Department(s)/lab(s): Physics / A&A | Carlstrom Group @ UChicago
Summary:

Experimental cosmologist building and operating CMB telescopes. Directions: (1) South Pole Telescope — PI of SPT series; SPT-3G currently mapping CMB temperature and polarization at arcminute resolution; (2) thermal and kinematic Sunyaev-Zel'dovich effect mapping for galaxy cluster cosmology; (3) CMB gravitational lensing for large-scale structure; (4) CMB-S4 design and planning. Argonne joint appointment. APS and AAAS Fellow.

Department(s)/lab(s): A&A / Physics | Chang Group (Clarence) @ UChicago
Summary:

Develops superconducting detector and readout systems for CMB observations. Directions: (1) SQUID-multiplexed readout architecture for large TES bolometer arrays (SPT-3G, CMB-S4); (2) transition-edge sensor bolometer fabrication and characterization; (3) MKID detector development; (4) CMB-S4 instrument design. Argonne joint appointment. Deep expertise in quantum-limited cryogenic detector readout.

Department(s)/lab(s): PME / Chemistry | Galli Group @ UChicago
Summary:

Develops computational methods (DFT + many-body perturbation theory, quantum embedding) to predict properties of spin defects for quantum sensing and computing. Directions: (1) first-principles prediction of coherence properties, zero-phonon lines, and spin-photon coupling for NV, SiC divacancy, Er, and other color center platforms; (2) high-throughput screening of novel spin defect candidates in 2D materials and oxides; (3) quantum embedding methods for strongly correlated defects. Director MICCoM; NAS member; Argonne senior scientist.

Department(s)/lab(s): Physics | Grandi Lab @ UChicago
Summary:

Experimental astroparticle physicist searching for dark matter with noble liquid detectors. Directions: (1) DarkSide-20k — liquid argon TPC at INFN Gran Sasso targeting WIMP dark matter with 20-tonne active volume; (2) development of cryogenic SiPM photon detection for LAr detectors; (3) low-background detector techniques and radon mitigation; (4) argon purification and light yield optimization. Argonne joint appointment.

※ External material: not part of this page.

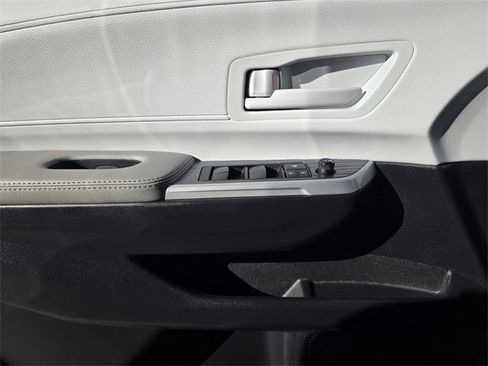 Used 2025 Toyota Sienna LE image 17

Department(s)/lab(s): Physics and Astronomy | Jacobsen Research Group (X-ray Microscopy) @ Northwestern
Summary:

Prof. Jacobsen's group develops novel methods, instruments, and analysis approaches for X-ray nanoscale imaging and applies them to biology and environmental science, using the Advanced Photon Source (APS) at Argonne. Directions: (1) Scanning X-ray fluorescence microscopy (SXFM) for organ-wide and nanoscale elemental mapping of metals (zinc, copper, iron) in biological tissues — central to the NIH-funded QE-Map national resource; imaging how metals regulate cellular functions, synaptic zinc signaling, and neurodegenerative disease; (2) X-ray ptychography and coherent diffractive imaging (CDI) for nanoscale biological imaging beyond the diffraction limit with improved dose efficiency; (3) Development of new algorithms, optics (zone plates), and detector systems to push spatial resolution and dose efficiency in X-ray microscopy — including lensless imaging methods and compressed-sensing reconstruction. Joint appointment at Argonne National Laboratory (Argonne Distinguished Fellow); also involved in QE-Map resource with Kozorovitskiy and Hao Zhang (McCormick).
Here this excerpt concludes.